### EXERCISE DATA:
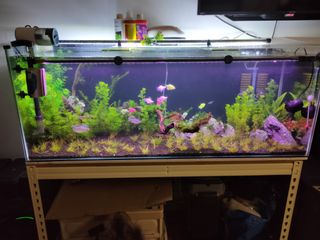 (Category: ) located in . Submitted by nizamgates (Listing ID 1208441154, Image 1). Description: .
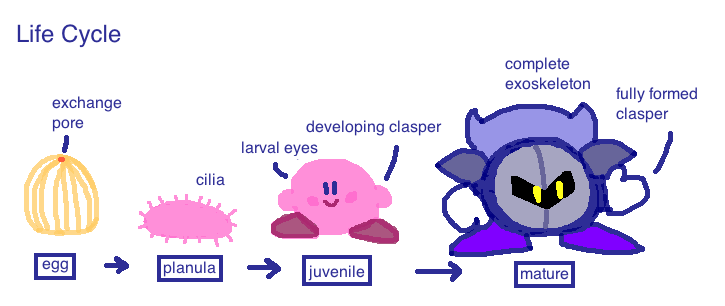 Mossworm1's tweet photo. I have a game theory
#kirby
#mossworm https://t.co/5fsztXVww9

### TASK OBJECTIVE:
Write down the full listing above exactly as it is, except for any images.

### COMPLETED EXERCISE:
 (Category: ) located in . Submitted by nizamgates (Listing ID 1208441154, Image 1). Description: .
 Mossworm1's tweet photo. I have a game theory
#kirby
#mossworm https://t.co/5fsztXVww9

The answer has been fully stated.